'''

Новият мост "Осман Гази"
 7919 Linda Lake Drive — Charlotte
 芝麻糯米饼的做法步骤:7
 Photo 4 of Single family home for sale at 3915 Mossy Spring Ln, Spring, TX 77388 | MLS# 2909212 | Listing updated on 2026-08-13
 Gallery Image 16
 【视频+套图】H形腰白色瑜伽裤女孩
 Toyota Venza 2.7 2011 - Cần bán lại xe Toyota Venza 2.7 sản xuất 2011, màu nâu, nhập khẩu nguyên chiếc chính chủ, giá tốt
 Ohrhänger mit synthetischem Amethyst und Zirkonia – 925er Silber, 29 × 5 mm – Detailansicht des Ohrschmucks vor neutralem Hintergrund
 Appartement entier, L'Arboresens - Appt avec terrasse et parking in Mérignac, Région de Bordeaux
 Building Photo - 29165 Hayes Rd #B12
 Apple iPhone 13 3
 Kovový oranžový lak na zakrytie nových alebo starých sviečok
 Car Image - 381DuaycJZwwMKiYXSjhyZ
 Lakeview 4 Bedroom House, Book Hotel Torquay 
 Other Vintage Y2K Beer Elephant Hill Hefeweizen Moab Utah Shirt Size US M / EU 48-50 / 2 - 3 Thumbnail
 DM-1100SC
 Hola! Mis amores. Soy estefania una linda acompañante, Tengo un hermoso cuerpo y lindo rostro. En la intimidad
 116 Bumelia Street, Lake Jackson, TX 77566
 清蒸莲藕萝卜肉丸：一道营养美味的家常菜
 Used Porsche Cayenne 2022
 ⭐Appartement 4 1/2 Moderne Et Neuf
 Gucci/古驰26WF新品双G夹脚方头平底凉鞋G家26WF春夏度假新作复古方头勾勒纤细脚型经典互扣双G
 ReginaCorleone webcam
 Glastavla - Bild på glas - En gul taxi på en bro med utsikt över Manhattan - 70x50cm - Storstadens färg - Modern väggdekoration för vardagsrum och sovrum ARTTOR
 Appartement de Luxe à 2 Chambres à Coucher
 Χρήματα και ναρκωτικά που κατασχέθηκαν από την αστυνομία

'''

§ **PROBLEM TO WORK ON**
Copy all lines in the listing above where the string "Appartement" appears.

§ **ANSWER TO THIS EXERCISE**
 Appartement entier, L'Arboresens - Appt avec terrasse et parking in Mérignac, Région de Bordeaux
 ⭐Appartement 4 1/2 Moderne Et Neuf
 Appartement de Luxe à 2 Chambres à Coucher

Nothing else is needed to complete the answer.